She studied biomedical ethics at the University of Oxford, added a Spanish minor after traveling to Ecuador and the Galápagos, and will return to Ecuador this summer to survey the genetic structure of amphibian and freshwater turtle populations.

Sloka Sudhin (Photo by Stephanie Schupska)

Sloka Sudhin (Photo by Stephanie Schupska)

Sloka Sudhin

Sudhin plans to earn a Ph.D. in applied math or computer science. She wants to conduct research at the intersection of optimization algorithms and predictive modeling through complex computer experiments. Her goal is to translate real-world phenomena into mathematical problems and apply powerful theoretical results in new ways to find the best algorithms.

“I’m interested in researching computer experiments, which serve as simulations when a physical experiment is difficult or even impossible to conduct in real life,” she said. “With applications from aerospace engineering, to mapping brain activity, to traffic control, to weather modeling, it’s a vast field that encompasses what I love so much about statistics: getting to play in the backyard of other research fields while applying my own skills and expertise to their problems. The support of the Goldwater Foundation validates that the work I find so important and fulfilling deserves to continue to be explored and researched.”

Sudhin’s current research projects started in August 2022 through a directed study on generalized linear models under the guidance of Abhyuday Mandal, professor of statistics at UGA. As she increased her skills and took a graduate-level machine learning course, in fall 2023 she moved to studying the applications of particle swarm optimization with Mandal and Joshua Lukemire, assistant research professor of biostatistics and bioinformatics at Emory University. She is now developing a global optimization technique for identifying efficient designs, called d-QPSO, with both Mandal and Lukemire. She was able to expand on her research in 2024 as a CURO Summer Fellow.

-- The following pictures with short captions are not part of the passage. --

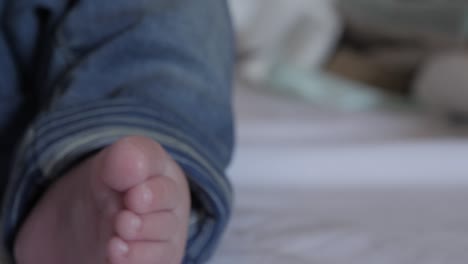 Close-up-of-baby-feet-as-he-wiggles-his-legs-and-toes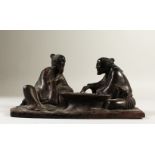 A CARVED WOOD GROUP, two men playing chess. 21cms wide.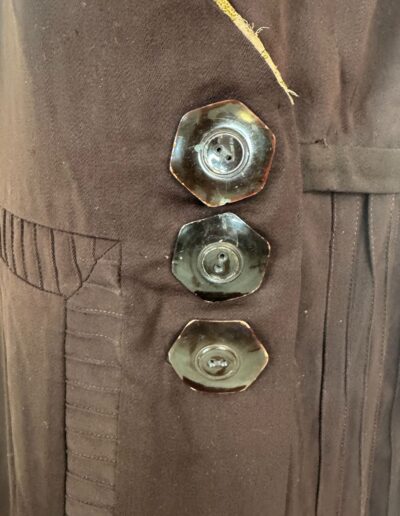 Close-up of a rare plus size 1920s dark brown drop waist dress with pleated details, hexagonal buttons, and loose thread at top seam.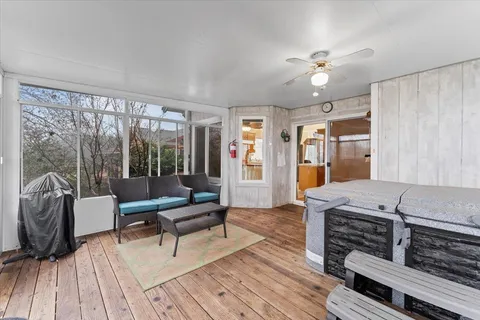 a living room with furniture and wooden floor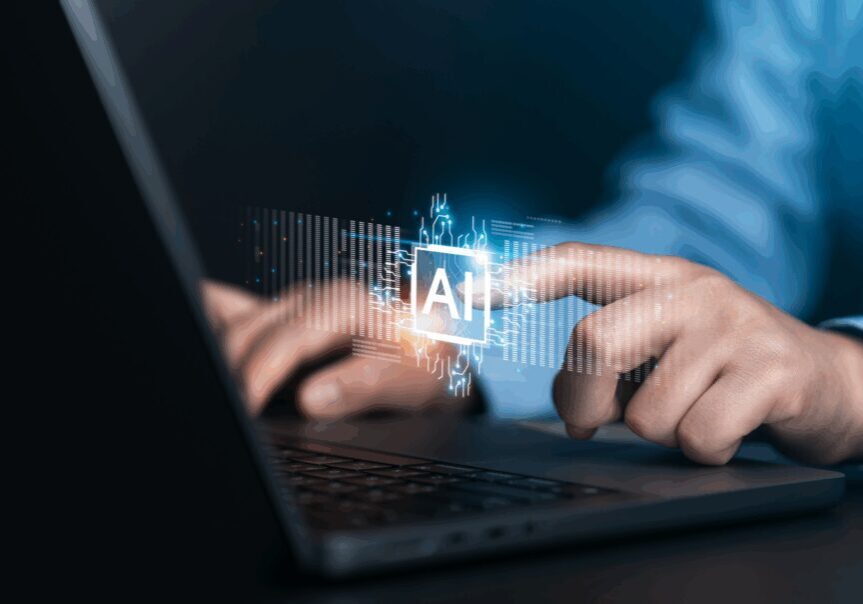 Person interacting with AI on laptop.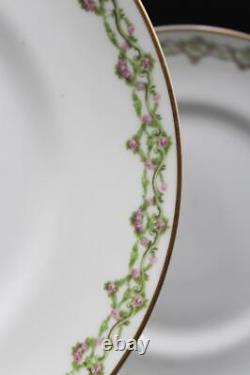 Service de neuf assiettes plates en porcelaine de Limoges français par M. Redon, guirlandes de roses avec dorures.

As president of Codehub, she develops weekly Python and exploratory data analysis lesson plans to support students’ personal projects in the School of Computing. She has previously served as an undergraduate teaching assistant for software development under the UGA School of Computing. Sudhin received the Kossack Prize for excelling in a calculus competition and the Hollingsworth Award for being a top-performing student in upper-division math classes at UGA. Her first research experience was as a data analytics intern with scoutSMART, a college recruiting analytics startup company in Atlanta. This position began in high school, and she completed her research on special teams positions and their recruiting changes in October 2022.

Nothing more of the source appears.